Sunday, September 8, 2013

A Way To Get What You Want... Do The Opposite

  Remember, when you were a child, using reverse psychology on those kids who would never go along with your ideas?Faced with Republicans in Congress who, no matter what the president proposes, will do the opposite, the president treats them like the recalcitrant obstructionists they are. He pretends to want military intervention when he really wants just the opposite. He pretends to be a hawk that flies with John and Lindsey while really being a dove. He ends up with getting what he wants and the Republicans are now on record rejecting intervention. This also gives Democrats the chance to stay doves. The only thing he has to do is to come out after the vote and say the American people have spoken and he will follow their wishes. This takes a lose lose situation and turns it into a win win. Yes I believe the selfish brats will be played and never realize it.  

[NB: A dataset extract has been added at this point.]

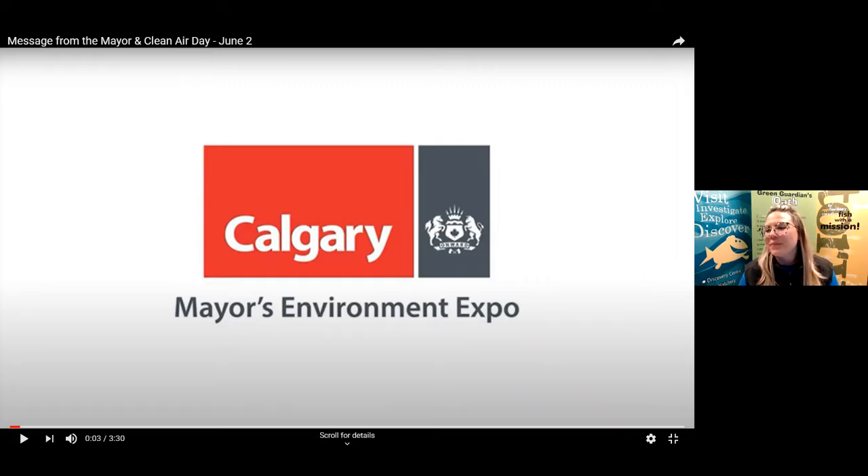Hello everyone, welcome! Thank you for joining us for today's Deck Out a Trout session with Bow Habitat Station. Our session is going to begin shortly in the next two minutes. We're going to be using the Q&A box throughout our session, so if you'd like to open it up and practice using it, please tell us what grade you're joining us from.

Thursday, September 5, 2013

Bitten By The Warwolf

 What can possibly explain President Obama's transformation from dove to warwolf. Was he bitten by John McCain or Lindsey Graham? Did he go out to walk the new dog one full moon night and get scratched by Dick Cheny? Can anything be done to change him back?. Remember one of the reasons he was elected for in 2008? He was against stupid military actions. Americans are sick to their very cores of interventions in the Middle East. American lives and vast amounts of it's treasure have been wasted in the sand storm deserts, on people who will always despise us. The only explanation for the president's metamorphosis has to be some form of Warcanththropy. Has he been driven over the edge by Republican obstructionists? It is now over for anything meaningful or constructive to be accomplished by the president in his second term.He has created, for himself, the ultimate lose lose scenario.The answer to murder isn't more killing.

Monday, September 2, 2013

How About An E.M.P.?

 Now that the president has decided to punish the Syrian regime for it's horrendous use of nerve gas, why not go with an E.M.P.? You know the electronic magnetic pulse created by an air burst nuclear weapon. What use the one weapon W. couldn't even pronounce, you ask with horror?A small tactical nuke, exploded say 20 miles above Syria, would completely shut down Syria's war machine.It would also fry all the computers cell phones and electric grids in the country. Cars wouldn't run just like the object lesson in The Day The Earth Stood Still, the 1950's version. I mean if we are going to act like sanctimonious all powerful space invaders and stick our noses, once again, in a foreign countries internal problems,let's do it smartly. An air burst nuke won't kill directly and probably won't put any more radiation into the environment than a crippled Japanese reactor. We can even tell our allies what we are going to do.This certainly will send the message to the entire world America means business.